The man with the beard looked different this morning once his clothes were cut off him. His leather jacket is folded and rests on top of his blood-stained t-shirt and “holy” jeans. He is covered with nothing but a white sheet now. A long, braided ponytail rests beside his head. There is a short incision on his right shoulder from the embalming. His left shoulder, however, bears other marks. There is a black and gray tattoo of a pin-up girl covering his deltoid muscle, and right above her, there is a jagged scar. The scar looks healed over well, but it appears to be from a nasty gash of some type. The girl below it looks unaffected, as if she lives in a bubble, unable to see or hear what is going on right above her head. Maybe she came along after the scar. The scar is uneven, not neat like a surgical scar, and it brings to mind imaginings of some sort of fight or accident. Perhaps this was not his first motorcycle wreck. Maybe this tough as nails man had a battle scar. Whatever caused it had to have hurt.
Other people will have scars form over wounds today too. The harsh truth is that pain is a reminder of an ever aching presence of the limitations of being human.
A surgery goes horribly wrong and the nurses call down from the ICU. He will not make it through the night. His incision is so fresh the doctors do not even sew it all the way shut. It does not matter because there is no physical way it can heal now. The opening will not form a scar no matter how long they wait or how tightly it is sutured. For his family, however, it is not his wound which concerns them anymore, it is their own sudden, crippling grief.
Deep wounds are opened by the raw tragedy of parents holding a still baby.
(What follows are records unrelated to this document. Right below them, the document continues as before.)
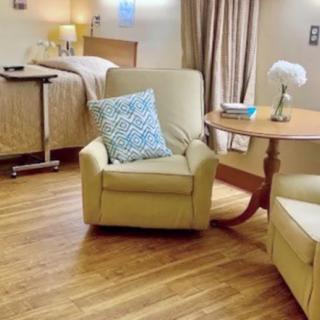 A comfortable hospital room with a bed, armchair, table, and decor.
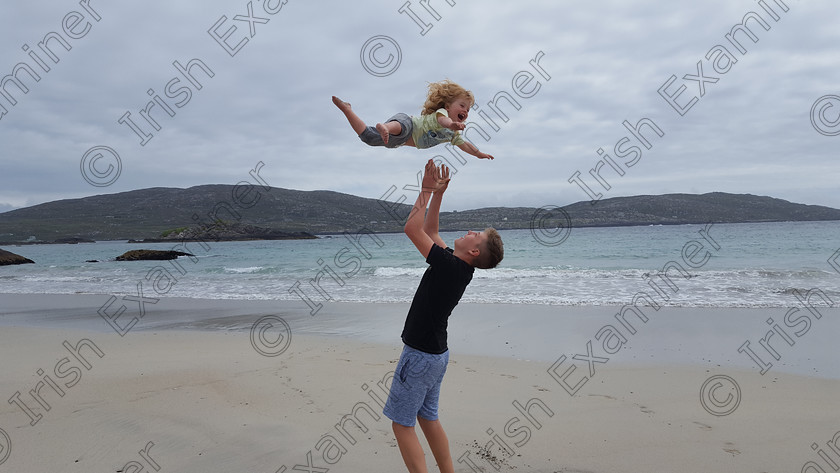 20160813 022351 
 piture of Big brother Marcus Corcoran having great fun throwing little brother Robert up into the air at Derrynane beach kerry taken by there mom Susan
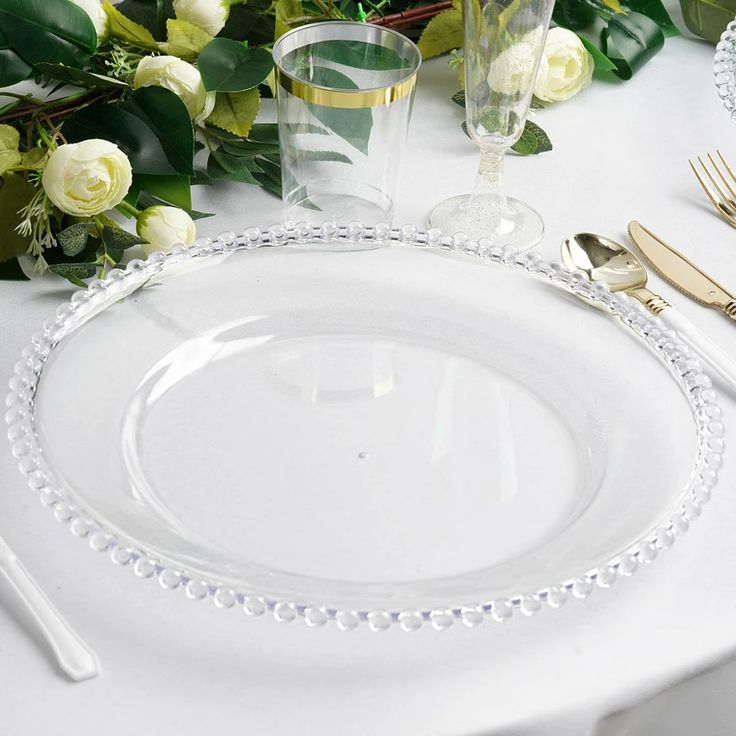 the table is set with white roses and gold cutlery, along with silverware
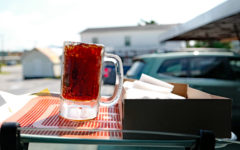 Frosted mug of root beer on a drive-in car tray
The room is silent except for their tears. The little girl’s skin is perfect yet delicate, almost translucent. Her eyes never opened. Many hopes will be buried along with their baby girl, and many of their thoughts and emotions may stay unprocessed for a long while. A scar is already forming across her mother’s belly from the C-section. It will live on her as a constant reminder of this loss.
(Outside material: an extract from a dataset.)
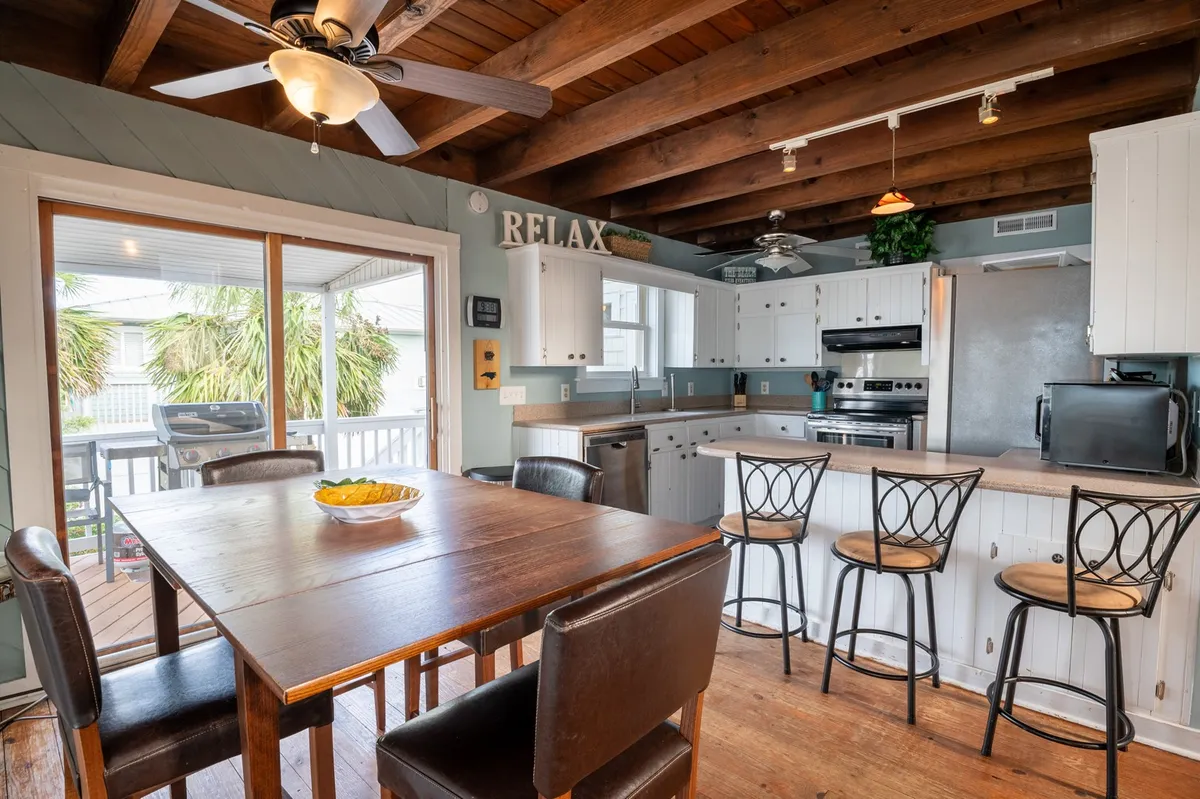 A bright, airy dining area with a view toward the outdoors, featuring a table with bar stools, modern kitchen cabinetry, and large windows that allow natural light to fill the space. The scene suggests easy access to the deck or porch, inviting guests (and their pups) to flow between indoor and outdoor living.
A widow is placed next to her husband in the ground and old, tired grief is quieted at last. Her grandson looks down with tears in his eyes as he notices the burn mark on the back of his hand. He was glad he got to have breakfast with her one last time a few days earlier–even if he did catch his hand on the oven as he pulled out the pan of muffins. His scar will bring him good memories tinged with the abrupt finality of death.
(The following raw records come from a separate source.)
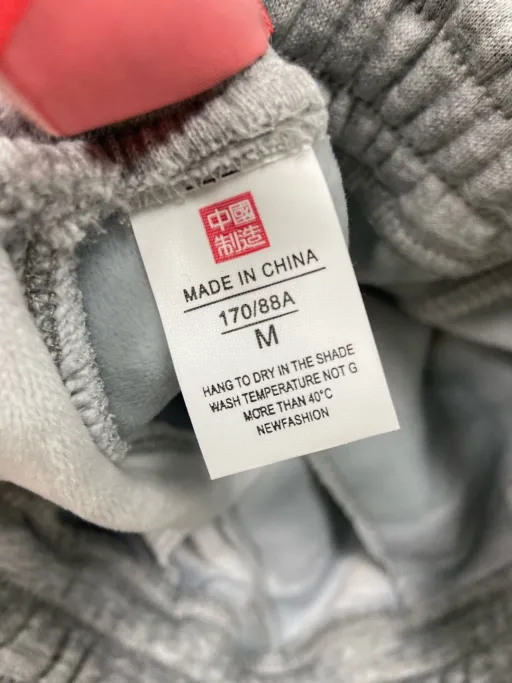 Embroidered grey fleece-lined pants with lettering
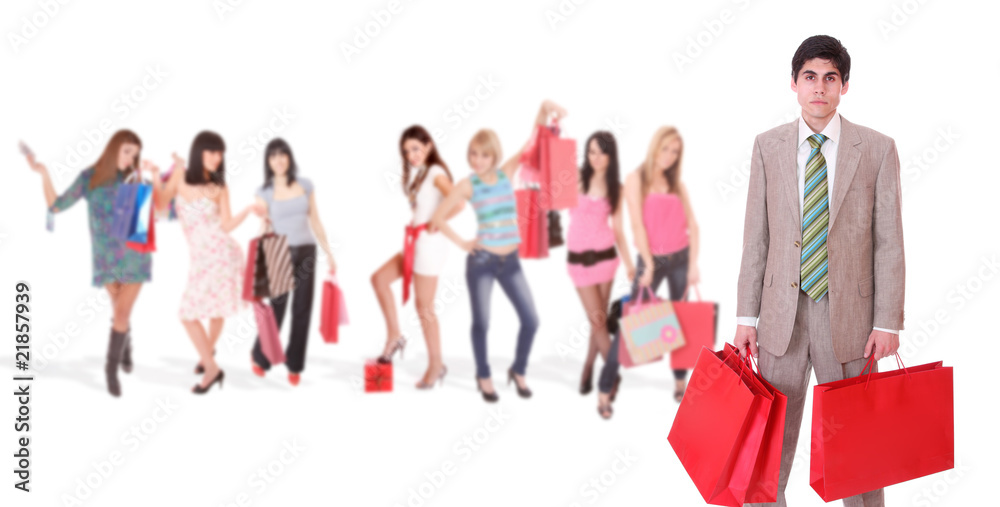 Obraz premium Shopping man with group of girls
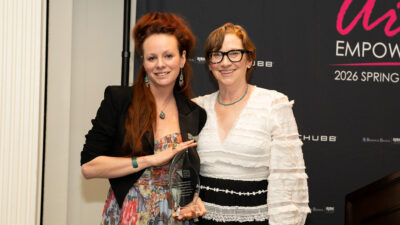 Two women stand together holding a glass award trophy in front of the 'art EMPOWERS! 2026 Spring Gala' backdrop. The award is from the Visual Arts Center of New Jersey. Sponsors Chubb and Brown & Brown Risk are visible in the background.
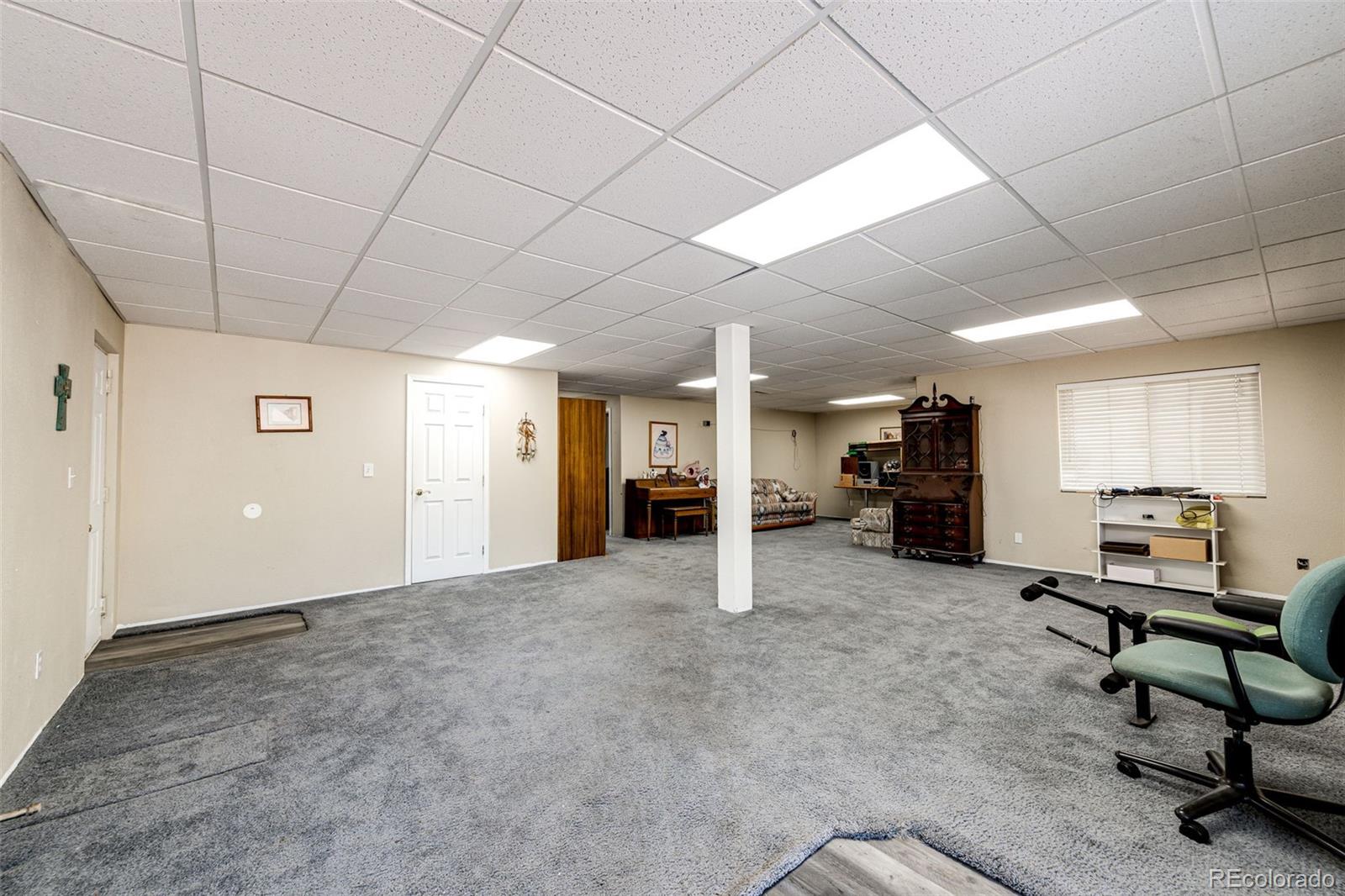 36810 View Ridge Drive Elizabeth, CO 80107 - Photo 40 of 46 a view of a livingroom with workspace and a window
Searing pain will give eventually give way for healing to begin. The color and thickness and elasticity of each scar will change over time, but the affected area will never again be the same. Every scar has a story, and standing over them brings questions and fears.
As a fresh, clean t-shirt is pulled over the jagged scar above the black and gray pin-up girl, another scar is laid to rest. It is covered now, and with it goes its story. The pain is no more. All that is left now is a lingering sense of tenderness and a hopeful glimpse of things how they ought to be.